The elevator chimed far too cheerily for 7 a.m. I squeezed in between groggy coworkers, the air thick with cheap perfume and instant coffee breath.
In the reflective elevator wall, my face stared back—puffy eyes, like someone who stayed up chasing something she should’ve let go.
I entered quickly, avoiding everyone’s eyes—as if the whole world somehow knew what I’d been doing behind my phone screen last night.
Yeah. What I did last night?
I wasn’t going to tell Misswa.
Guilty pleasure.
This morning…
I woke up with a dry tongue and trembling thighs, and it was just my imagination.
That CEO Wolf wasn’t real. But my body didn’t care.
And my pillow…
I hugged it too tightly. Too… suggestively. The fabric was wet from—
I blinked.
And I couldn’t look at my pillow anymore.
Dear God.
Uninstall NoveLust. Now.
I went to the office like usual.
White button-up. Black trousers.
Okay. I’m still the same Adel, right?
Ting.
Unfortunately, right outside the office door, I ran into that annoying bastard. The admin I once drenched in tea—for some reason, his smile looked different today.
His eyes dropped to my neck.
Then he whispered,
"Oh? Had a solo mission last night? Some… mastubate?"
My blood boiled. Could he really see the ghost of last night in my tired eyes?
Was it visible? Did I look that dirty? Or was he just messing with me?
"Why are you still bugging me? Didn’t get enough tea? I’ll report you to HR!"
"Relax," he said, hands raised, though his eyes were still full of mischief. "Just a small observation."
"Move."
"But..." he leaned against the wall, striking a pose like a discount male lead. "Girls who read erotic novels… usually do bate every night—"
I inhaled hard and tried to ignore him.
"Girls who read novels must be lonely. You’re lonely, right?"
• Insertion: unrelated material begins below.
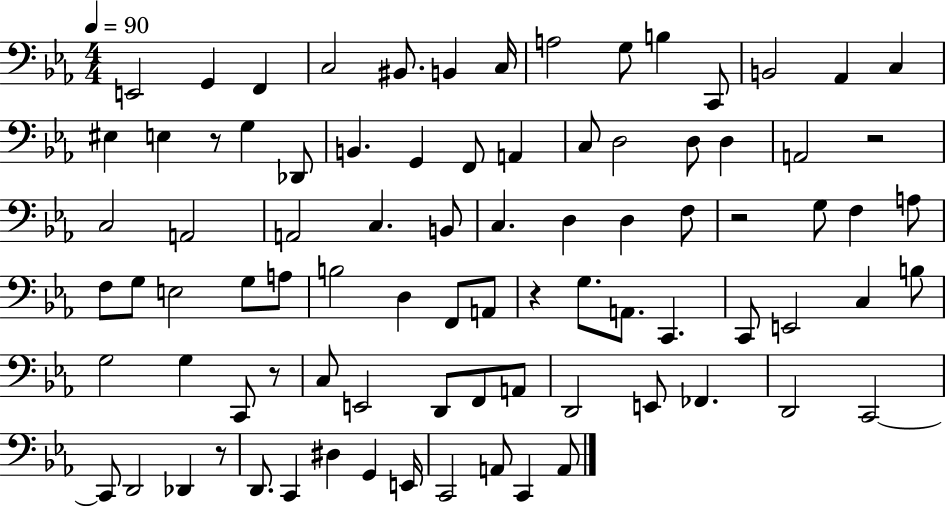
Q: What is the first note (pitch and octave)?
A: E2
"Lonely? Lonely like this?!"
With everything I had, I swung my five-year-savings Gucci bag—the monogrammed crystal flashing like my fury—but the bastard stepped forward, chest nearly pressed to mine.
"Do it. I’m curious how strong your grip is," he whispered, eyes gleaming like he knew my dirty little secret.
Smack.
My bag—purchased after saving for five years—sacrificed its dignity against his palm. He blocked it on purpose. Didn’t even flinch.
"Wow. Strong hands. You’d make a great femme fatale in Katie’s novel, Dark Office Affair—"
"You absolute—"
Ting.
The elevator door opened.
Mrs. Widya stood there, staring at me still holding my bag mid-air—half Harley Quinn, half secretary who just failed to keep it together.